WHAT THE TASK ASKS —
In the records below, locate the line containing "Paysandisia archon"; output that line and every following line through the last, exactly.

BEGIN SUPPLIED DATA

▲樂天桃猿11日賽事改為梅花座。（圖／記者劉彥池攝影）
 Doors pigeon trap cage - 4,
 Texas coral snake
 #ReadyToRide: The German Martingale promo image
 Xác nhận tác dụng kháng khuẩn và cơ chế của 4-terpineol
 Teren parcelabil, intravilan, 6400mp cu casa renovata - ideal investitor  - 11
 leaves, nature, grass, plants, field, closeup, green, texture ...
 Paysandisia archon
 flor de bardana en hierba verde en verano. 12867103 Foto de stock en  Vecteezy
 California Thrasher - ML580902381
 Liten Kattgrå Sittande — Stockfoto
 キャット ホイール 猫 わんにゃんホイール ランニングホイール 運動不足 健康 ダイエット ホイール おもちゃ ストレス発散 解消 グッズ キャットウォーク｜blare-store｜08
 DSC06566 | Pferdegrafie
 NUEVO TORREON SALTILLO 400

END SUPPLIED DATA

SOLUTION FOR THIS TASK —
 Paysandisia archon
 flor de bardana en hierba verde en verano. 12867103 Foto de stock en  Vecteezy
 California Thrasher - ML580902381
 Liten Kattgrå Sittande — Stockfoto
 キャット ホイール 猫 わんにゃんホイール ランニングホイール 運動不足 健康 ダイエット ホイール おもちゃ ストレス発散 解消 グッズ キャットウォーク｜blare-store｜08
 DSC06566 | Pferdegrafie
 NUEVO TORREON SALTILLO 400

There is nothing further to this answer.